[Opening DATASET RECORDS section]

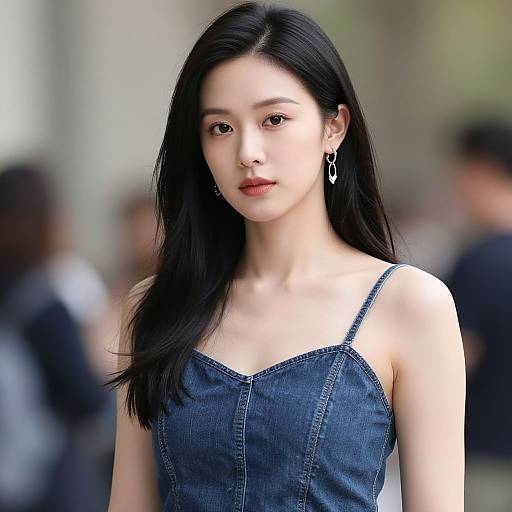 Photograph of an Asian woman with long black hair, wearing a blue denim sundress, silver earrings, and natural makeup, standing outdoors with a blurred
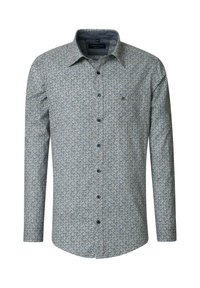 Long-sleeve button-up shirt in a blue, white, and beige geometric pattern, made of lightweight fabric with a neat collar and dark buttons.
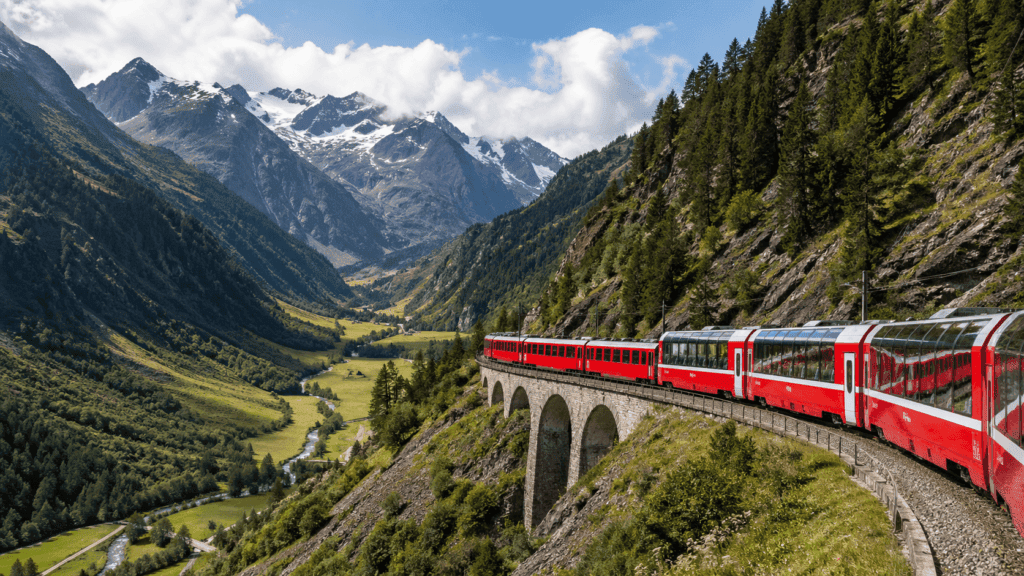 Glacier Express scenic train winding through the Swiss Alps in summer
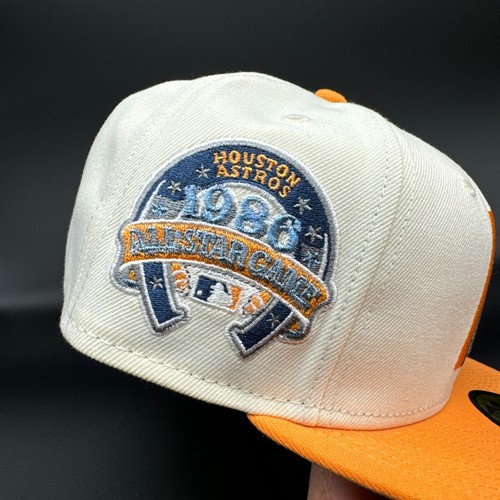 Houston Astros New Era 59Fifty Fitted Cream/Orange Color Pack Mens Hat Cap NWT! - Picture 6 of 7
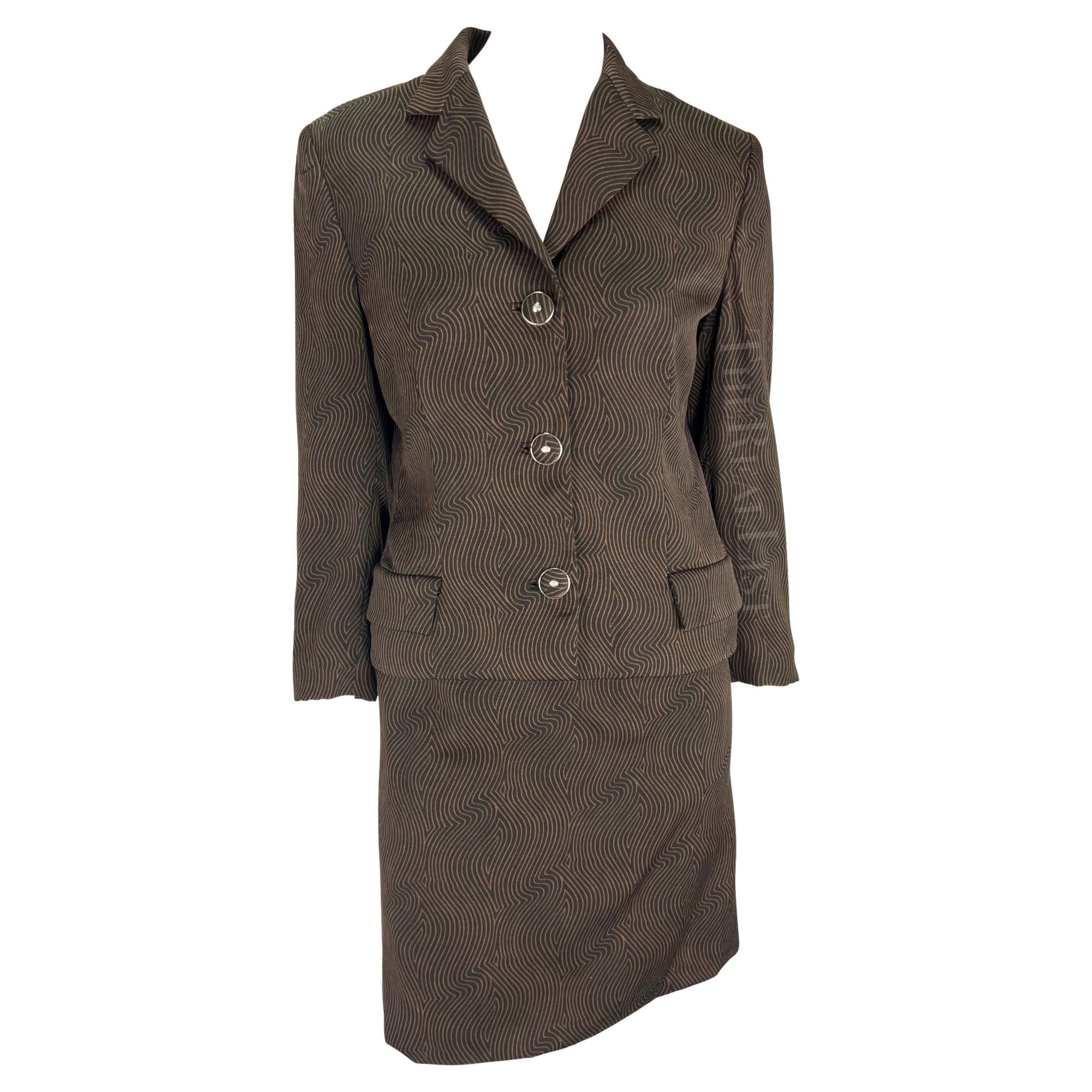 S/S 1996 Gianni Versace Black Brown Abstract Op - Art Print Medusa Belt Skirt Suit - RealList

[Closing DATASET RECORDS section]

_EXERCISE DIRECTIONS_
Excluding the pictures, restate word for word the lines from the one that holds "Houston Astros New" through the last line of the entries, both ends included.

_SOLUTION FOR THIS PROBLEM_
 Houston Astros New Era 59Fifty Fitted Cream/Orange Color Pack Mens Hat Cap NWT! - Picture 6 of 7
 S/S 1996 Gianni Versace Black Brown Abstract Op - Art Print Medusa Belt Skirt Suit - RealList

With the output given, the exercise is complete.